Epargne de la diaspora: la prometteuse alternative qui s’offre aux pays africains pour réduire leur dette colossale

Etouffés par une dette colossale depuis de nombreuses décennies, les pays africains gagneraient à effectuer des emprunts auprès de leur diaspora, les diaspora bonds, pour financer leurs grands projets. Un mode de financement qui présente plusieurs avantages.


Recourir à la dette extérieure pour financer les projets de développement. Telle est la stratégie privilégiée par les pays africains. D’importantes sommes levées auprès des marchés ou bailleurs internationaux, avec souvent des taux d’intérêt très élevés, contraignant ainsi ces Etats à débourser des montants exorbitants qui affectent leurs budgets et modifient leurs plans économiques.

Ces dernières années, des organismes internationaux comme le Fonds Monétaire International (FIM) et la Banque mondiale ont, à maintes reprises, alerté sur le niveau de cette dette. Le récent rapport «Trade and Development Report Update» de la Conférence des Nations Unies pour le commerce et le développement (CNUCED) abonde dans le même sens, en révélant que huit pays sont en situation de surendettement et treize présentent «un risque élevé» de surendettement. Une situation qui risque d’empirer.

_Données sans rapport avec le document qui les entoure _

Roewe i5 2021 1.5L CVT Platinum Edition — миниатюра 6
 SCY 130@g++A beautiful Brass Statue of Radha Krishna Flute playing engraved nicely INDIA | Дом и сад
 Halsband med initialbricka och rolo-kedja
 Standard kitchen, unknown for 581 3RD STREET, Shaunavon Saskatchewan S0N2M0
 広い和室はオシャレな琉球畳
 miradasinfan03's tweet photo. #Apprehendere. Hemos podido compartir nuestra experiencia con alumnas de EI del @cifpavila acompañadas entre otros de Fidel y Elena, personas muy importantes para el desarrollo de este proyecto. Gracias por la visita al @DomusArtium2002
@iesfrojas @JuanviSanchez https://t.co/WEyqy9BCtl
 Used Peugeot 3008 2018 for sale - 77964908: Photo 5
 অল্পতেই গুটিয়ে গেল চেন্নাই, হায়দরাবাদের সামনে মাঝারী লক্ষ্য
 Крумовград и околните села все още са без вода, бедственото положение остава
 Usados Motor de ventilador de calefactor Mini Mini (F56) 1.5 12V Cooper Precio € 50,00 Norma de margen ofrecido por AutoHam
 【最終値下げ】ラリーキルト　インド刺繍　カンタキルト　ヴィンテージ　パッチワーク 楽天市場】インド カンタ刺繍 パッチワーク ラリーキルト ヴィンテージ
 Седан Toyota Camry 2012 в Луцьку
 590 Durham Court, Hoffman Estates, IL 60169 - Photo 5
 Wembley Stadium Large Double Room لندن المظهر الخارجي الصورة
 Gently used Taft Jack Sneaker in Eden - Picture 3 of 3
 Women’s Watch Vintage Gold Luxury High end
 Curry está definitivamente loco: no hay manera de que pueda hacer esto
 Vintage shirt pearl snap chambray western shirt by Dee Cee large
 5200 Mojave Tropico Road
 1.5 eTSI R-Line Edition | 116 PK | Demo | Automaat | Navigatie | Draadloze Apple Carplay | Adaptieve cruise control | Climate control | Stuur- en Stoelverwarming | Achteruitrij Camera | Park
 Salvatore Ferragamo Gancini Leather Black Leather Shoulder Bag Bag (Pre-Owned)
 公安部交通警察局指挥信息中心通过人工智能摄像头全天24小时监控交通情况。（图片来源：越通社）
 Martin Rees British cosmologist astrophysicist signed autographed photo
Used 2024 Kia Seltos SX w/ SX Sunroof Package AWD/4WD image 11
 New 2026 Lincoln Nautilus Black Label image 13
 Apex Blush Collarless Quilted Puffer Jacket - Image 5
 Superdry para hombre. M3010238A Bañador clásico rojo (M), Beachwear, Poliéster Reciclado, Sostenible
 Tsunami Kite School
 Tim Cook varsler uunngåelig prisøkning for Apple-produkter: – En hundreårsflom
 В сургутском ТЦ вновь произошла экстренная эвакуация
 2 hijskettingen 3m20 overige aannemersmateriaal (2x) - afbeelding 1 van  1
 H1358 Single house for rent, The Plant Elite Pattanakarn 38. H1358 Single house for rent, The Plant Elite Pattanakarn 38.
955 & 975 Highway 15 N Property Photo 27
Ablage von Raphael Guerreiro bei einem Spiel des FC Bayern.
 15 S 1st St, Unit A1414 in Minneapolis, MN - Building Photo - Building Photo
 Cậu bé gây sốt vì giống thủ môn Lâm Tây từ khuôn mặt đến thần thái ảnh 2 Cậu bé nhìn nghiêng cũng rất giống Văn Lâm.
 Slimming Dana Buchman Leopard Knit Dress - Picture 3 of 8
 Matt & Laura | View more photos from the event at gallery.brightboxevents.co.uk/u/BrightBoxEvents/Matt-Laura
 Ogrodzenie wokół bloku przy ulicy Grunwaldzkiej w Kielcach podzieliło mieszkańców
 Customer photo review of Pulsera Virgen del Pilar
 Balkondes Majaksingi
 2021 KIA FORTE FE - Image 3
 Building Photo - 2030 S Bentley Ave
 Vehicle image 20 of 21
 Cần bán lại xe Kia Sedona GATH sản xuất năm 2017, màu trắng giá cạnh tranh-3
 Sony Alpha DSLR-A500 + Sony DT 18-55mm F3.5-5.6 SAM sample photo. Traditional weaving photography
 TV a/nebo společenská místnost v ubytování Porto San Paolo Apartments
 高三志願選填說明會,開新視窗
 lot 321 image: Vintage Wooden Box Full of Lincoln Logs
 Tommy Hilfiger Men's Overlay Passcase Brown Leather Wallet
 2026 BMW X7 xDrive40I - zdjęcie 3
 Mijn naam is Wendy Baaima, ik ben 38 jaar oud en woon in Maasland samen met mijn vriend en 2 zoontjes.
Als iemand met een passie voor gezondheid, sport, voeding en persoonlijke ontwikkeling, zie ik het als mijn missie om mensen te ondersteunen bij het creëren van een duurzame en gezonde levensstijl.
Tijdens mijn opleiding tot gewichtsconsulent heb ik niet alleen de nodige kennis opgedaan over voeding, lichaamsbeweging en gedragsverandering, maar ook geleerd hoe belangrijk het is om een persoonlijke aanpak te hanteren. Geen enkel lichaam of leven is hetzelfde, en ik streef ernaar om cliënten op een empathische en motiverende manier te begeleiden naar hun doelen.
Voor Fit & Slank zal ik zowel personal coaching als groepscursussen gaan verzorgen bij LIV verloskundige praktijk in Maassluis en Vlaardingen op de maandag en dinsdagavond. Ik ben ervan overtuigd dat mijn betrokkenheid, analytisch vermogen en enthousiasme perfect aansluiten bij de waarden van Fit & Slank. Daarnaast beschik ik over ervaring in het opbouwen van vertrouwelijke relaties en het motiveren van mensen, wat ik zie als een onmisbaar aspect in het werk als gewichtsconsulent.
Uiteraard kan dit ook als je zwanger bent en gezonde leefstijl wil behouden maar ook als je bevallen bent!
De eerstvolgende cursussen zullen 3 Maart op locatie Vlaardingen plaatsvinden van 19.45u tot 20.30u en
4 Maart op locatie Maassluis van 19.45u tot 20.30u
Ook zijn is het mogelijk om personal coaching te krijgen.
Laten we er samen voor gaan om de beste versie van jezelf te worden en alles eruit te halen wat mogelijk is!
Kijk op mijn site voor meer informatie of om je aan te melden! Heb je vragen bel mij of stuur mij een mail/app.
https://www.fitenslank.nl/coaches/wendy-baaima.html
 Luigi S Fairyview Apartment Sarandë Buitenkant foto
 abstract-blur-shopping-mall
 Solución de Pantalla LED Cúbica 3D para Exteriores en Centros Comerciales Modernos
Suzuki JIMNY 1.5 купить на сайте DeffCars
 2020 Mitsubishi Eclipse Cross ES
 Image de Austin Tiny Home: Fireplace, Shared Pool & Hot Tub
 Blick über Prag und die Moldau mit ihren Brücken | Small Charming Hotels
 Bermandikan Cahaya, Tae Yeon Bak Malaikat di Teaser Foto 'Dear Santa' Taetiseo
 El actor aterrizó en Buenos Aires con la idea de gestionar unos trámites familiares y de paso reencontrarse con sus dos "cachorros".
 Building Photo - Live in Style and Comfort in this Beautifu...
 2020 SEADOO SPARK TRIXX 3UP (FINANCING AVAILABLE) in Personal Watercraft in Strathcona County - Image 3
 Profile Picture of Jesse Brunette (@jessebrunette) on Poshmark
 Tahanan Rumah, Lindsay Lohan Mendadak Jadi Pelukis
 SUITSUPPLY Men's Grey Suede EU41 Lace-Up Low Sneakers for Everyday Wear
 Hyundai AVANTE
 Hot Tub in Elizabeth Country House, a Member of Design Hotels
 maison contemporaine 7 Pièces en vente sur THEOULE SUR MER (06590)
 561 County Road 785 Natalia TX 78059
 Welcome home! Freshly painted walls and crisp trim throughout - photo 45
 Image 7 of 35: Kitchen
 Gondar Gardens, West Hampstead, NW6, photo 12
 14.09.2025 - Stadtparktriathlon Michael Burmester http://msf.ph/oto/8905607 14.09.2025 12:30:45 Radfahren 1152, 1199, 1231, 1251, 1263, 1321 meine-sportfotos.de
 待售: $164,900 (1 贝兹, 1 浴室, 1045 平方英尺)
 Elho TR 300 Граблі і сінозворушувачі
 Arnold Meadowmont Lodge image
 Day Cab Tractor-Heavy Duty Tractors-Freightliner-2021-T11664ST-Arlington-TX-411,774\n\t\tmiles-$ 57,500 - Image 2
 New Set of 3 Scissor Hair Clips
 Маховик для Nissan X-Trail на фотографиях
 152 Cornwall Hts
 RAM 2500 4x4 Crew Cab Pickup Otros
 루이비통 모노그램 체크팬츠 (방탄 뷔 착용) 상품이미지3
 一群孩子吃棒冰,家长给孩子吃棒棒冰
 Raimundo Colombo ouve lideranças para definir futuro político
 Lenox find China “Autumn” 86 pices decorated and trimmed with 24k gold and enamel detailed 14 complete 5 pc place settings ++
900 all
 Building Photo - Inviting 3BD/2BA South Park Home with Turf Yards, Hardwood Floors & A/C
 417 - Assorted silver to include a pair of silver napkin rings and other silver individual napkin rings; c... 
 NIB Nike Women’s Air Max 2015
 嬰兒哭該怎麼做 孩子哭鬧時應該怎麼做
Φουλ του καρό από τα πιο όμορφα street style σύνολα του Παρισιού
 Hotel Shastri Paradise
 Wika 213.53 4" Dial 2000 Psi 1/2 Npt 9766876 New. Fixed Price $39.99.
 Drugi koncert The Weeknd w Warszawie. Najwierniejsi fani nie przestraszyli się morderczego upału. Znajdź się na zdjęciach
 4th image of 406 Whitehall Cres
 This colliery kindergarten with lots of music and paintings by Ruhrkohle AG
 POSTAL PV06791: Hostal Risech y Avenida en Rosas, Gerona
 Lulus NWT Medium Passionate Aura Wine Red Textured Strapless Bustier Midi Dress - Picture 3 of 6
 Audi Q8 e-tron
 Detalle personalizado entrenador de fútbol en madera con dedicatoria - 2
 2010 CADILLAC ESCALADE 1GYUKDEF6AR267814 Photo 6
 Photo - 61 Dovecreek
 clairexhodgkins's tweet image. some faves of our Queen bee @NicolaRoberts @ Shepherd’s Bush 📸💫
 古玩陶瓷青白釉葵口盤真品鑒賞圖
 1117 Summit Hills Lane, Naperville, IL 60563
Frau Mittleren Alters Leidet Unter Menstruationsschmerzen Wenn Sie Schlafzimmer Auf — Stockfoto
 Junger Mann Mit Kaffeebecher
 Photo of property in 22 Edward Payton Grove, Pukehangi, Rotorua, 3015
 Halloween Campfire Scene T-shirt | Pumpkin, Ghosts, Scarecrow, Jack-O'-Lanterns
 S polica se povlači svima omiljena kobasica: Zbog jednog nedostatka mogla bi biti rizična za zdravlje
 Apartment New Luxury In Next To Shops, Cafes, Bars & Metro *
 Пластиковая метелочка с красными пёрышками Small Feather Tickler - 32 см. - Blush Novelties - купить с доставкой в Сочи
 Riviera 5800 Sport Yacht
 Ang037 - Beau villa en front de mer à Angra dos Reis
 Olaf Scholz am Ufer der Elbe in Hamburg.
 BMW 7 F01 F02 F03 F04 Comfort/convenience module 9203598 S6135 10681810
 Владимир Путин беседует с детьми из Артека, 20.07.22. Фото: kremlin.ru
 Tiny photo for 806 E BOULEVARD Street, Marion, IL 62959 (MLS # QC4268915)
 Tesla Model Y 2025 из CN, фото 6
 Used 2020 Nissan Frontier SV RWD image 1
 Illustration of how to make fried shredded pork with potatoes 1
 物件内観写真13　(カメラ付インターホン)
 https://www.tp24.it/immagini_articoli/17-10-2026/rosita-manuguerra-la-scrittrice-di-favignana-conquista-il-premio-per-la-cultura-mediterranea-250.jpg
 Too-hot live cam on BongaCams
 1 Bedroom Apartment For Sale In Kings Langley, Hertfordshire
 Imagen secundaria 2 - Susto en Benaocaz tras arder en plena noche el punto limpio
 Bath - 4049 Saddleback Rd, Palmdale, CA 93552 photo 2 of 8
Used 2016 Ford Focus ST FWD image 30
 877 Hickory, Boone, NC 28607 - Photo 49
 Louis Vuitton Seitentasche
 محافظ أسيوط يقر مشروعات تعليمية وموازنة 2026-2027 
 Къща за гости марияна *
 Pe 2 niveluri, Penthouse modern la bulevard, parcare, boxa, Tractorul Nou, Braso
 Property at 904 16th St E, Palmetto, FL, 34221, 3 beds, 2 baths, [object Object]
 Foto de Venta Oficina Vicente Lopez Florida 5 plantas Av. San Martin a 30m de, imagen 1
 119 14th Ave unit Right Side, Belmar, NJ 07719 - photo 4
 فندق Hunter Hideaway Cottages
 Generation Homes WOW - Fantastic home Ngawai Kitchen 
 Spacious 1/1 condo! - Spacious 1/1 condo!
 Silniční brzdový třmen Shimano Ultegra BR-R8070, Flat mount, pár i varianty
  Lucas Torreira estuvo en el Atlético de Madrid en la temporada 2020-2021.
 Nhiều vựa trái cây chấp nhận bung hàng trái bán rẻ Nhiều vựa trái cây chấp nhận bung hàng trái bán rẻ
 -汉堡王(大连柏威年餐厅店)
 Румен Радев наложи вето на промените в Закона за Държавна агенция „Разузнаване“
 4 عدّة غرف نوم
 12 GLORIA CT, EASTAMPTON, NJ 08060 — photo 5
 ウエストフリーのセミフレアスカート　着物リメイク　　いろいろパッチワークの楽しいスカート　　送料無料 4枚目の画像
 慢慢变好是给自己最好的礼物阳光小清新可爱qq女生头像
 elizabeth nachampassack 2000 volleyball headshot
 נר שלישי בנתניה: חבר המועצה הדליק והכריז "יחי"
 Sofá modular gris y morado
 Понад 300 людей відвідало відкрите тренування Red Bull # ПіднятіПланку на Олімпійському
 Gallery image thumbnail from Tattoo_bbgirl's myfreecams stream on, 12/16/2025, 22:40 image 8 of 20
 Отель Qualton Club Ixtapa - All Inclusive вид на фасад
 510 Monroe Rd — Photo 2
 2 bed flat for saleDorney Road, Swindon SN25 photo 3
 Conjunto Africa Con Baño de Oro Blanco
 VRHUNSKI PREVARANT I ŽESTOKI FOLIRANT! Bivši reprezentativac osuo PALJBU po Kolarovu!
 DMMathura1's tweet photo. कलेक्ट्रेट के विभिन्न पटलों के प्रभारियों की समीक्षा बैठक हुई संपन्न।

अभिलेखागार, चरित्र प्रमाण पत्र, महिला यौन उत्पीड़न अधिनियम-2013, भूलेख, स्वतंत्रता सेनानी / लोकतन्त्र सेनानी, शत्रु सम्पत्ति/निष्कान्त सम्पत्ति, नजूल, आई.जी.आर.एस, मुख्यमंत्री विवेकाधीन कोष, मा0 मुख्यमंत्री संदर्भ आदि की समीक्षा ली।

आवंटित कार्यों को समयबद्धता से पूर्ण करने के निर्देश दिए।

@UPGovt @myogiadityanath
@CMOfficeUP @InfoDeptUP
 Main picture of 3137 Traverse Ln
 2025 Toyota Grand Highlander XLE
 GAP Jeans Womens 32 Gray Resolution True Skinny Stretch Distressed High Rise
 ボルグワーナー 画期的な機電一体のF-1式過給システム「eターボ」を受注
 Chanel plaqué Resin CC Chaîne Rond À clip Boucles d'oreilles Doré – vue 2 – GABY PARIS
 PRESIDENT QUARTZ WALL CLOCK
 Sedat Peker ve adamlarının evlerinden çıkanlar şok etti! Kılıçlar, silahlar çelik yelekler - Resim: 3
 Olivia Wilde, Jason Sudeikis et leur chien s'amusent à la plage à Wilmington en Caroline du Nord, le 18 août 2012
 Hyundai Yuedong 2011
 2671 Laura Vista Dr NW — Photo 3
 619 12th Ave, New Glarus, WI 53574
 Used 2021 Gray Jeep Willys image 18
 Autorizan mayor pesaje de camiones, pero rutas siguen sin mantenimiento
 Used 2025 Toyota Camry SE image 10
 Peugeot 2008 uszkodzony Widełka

Pourtant, une belle alternative s’offre à ces Etats pour réduire cette dépendance à l’encontre de leurs créanciers: les diaspora bonds. En clair, ce sont des emprunts obligataires émis par un gouvernement à destination de sa diaspora, afin de puiser dans leurs actifs logés dans leurs pays d’accueil, pour financer différents projets. Une épargne assez consistante. D’après une rapport de la Banque mondiale de juin 2011, la diaspora africaine épargne pas moins de 53 milliards de dollars par an, dont plus de 30 milliards émanant d’émigrés originaires d’Afrique subsaharienne.

Mais le baromètre qui illustre le poids économique de ces expatriés, c’est surtout les montants colossaux transférés chaque année sur le continent. En 2021 par exemple, ils ont envoyé 95 milliards de dollars dans leurs pays d’origine, selon l’institution de Breton Woods, dont 49 milliards en Afrique subsaharienne et 46 milliards de dollars en Afrique du Nord.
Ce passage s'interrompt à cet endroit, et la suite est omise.